The other thing that I’m really passionate about is motion, and how movement and animation can create an emotional response.

How do you like teaching?

I love it. Sometimes I feel like I’m a vampire because students have so much energy. And this stuff is new to them, and in many cases, my students have never written code before. And when you see them having discoveries, there’s these small wins that they have, and it just makes me really happy. I think if I wasn’t teaching, I would feel really jaded. Working with students really opens my eyes and I feel like I get so much from them that I can bring to my practice.

You’re one of the creators of openFrameworks. Can you tell me a little more about that?

I code in C++, [because] it’s really fast, especially for doing computer vision. A lot of my projects use computer vision to be interactive and respond to your body.

So we’ve made a library of code that makes it easier for people to get started, where we take the things that we’re learning as artists and publish them in the form of this tool. The broader theory is that artistic practice is a form of research. And similar to how a car company would have an R&D department, artists are a kind of R&D department.

But if you take the job of research seriously, how do you publish the results of the research? And open source is one way of publishing. So open frameworks is the C++ tool that allows you to get started quickly to get a window to draw. There’s lots of examples, with working in geometry and working sound and video and computer vision, and all these things that are kind of building blocks for creating interactive work.

Photo by Amelia Holowaty Krales / The Verge

I follow #openframeworks on Instagram and so much of the work is mesmerizing. I just wanted to say thank you for creating something people use to make amazing art.

[laughter] Yeah, I mean, for me it’s a joy. I helped make this open-source tool, I helped make the School for Poetic Computation [a school that approaches writing code like creative writing].

One of the things that I tried to say a lot in my lectures, and whenever I can, when I’m talking to students was, “We need more tools.” The world is hungry for tools. We need more open-source frameworks. As a strategy, as an artist, if you can build communities, it’s one really great way to have success. There’s your craft and making and sharing, but also what can you do to make a community and grow it?

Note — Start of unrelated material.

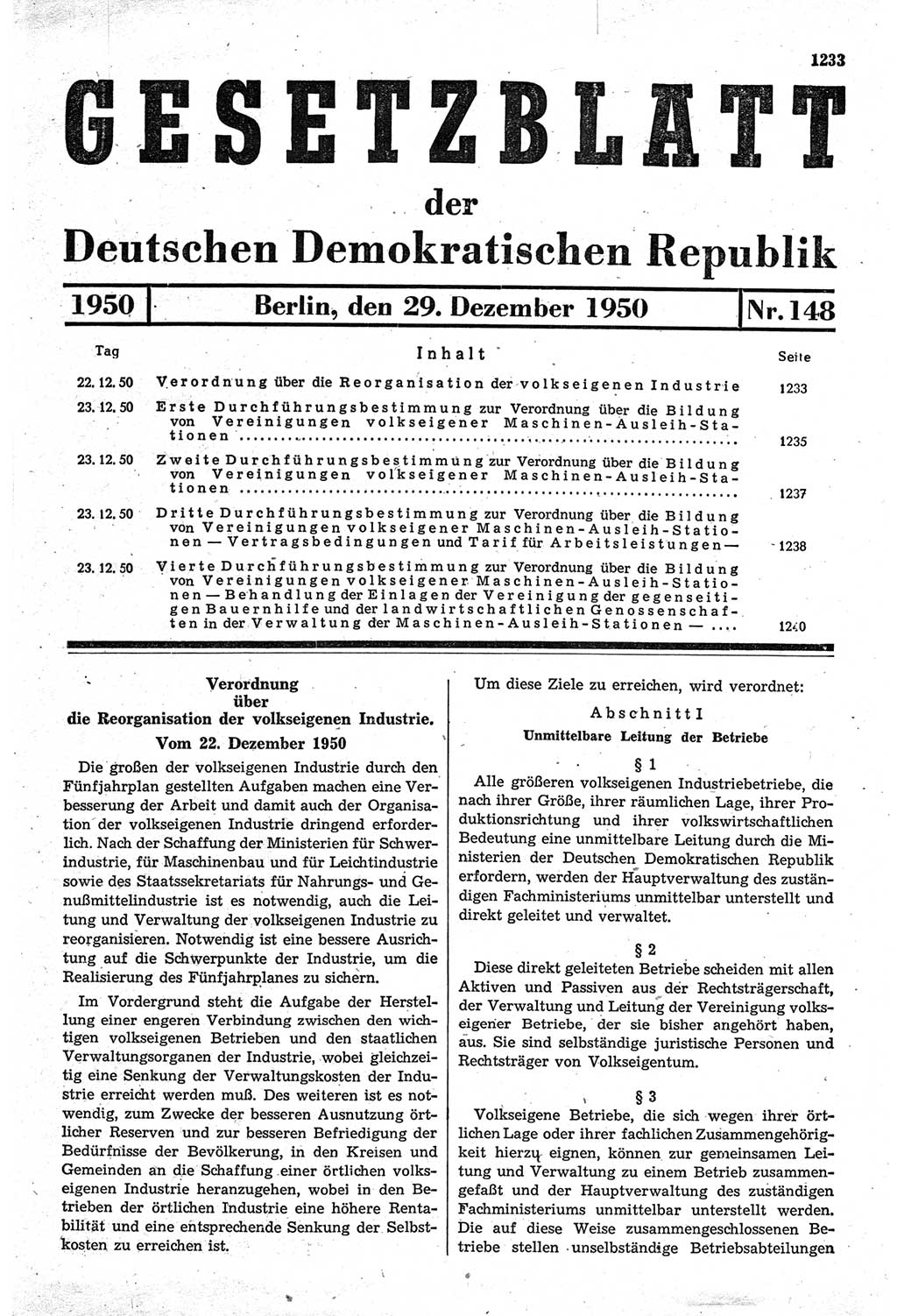 Gesetzblatt (GBl.) der Deutschen Demokratischen Republik (DDR) 1950, Seite 1233 (GBl. DDR 1950, S. 1233)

You recently had an installation at Frieze, which looked amazing. Can you tell us a little about what you shared there?

I had a three-channel video artwork which was based on my daily sketches, set to music by Jemapur, and an interactive installation called Body Sketches, which uses your body as input and abstracts and manipulates the forms it finds.

What is next for you?

Last year, I got really into printing. All my work is motion, it’s always an animated form. But how do you capture it? How can you find these kind of unique moments? It’s like a wildlife photographer, to find something that’s interesting and bring it to life. So I’ll probably be doing some more of that.

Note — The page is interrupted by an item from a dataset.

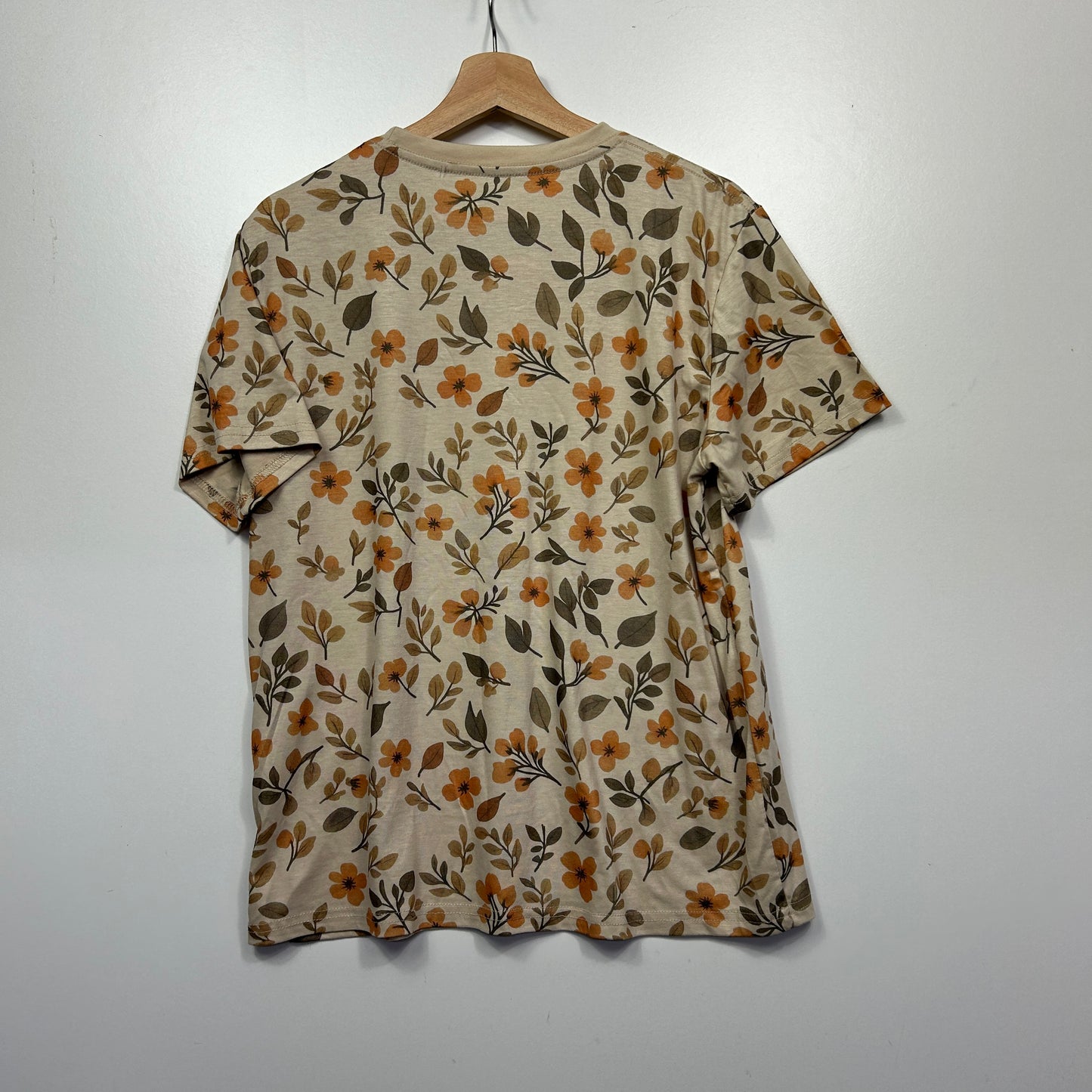 Shein Beige Floral Print T-Shirt - Size L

I’ve got a pen plotter. It’s a device that robotically controls a pen. And it’s really interesting to make graphics with. It’s called AxiDraw. It’s basically just an XY plotter. I’m totally fascinated with it. As soon as things chill out I’m going to try and experiment with the potter. Potter’s feel really different, the kind of visual language when the pen touches the paper and goes across and comes up is not the same. It’s like thick at the start and then it gets thin and then it gets thick again. It kind of feels almost human like there’s a real physical material there, and there’s some qualities of it that I think you don’t see on a computer screen, you don’t see in an inkjet printer.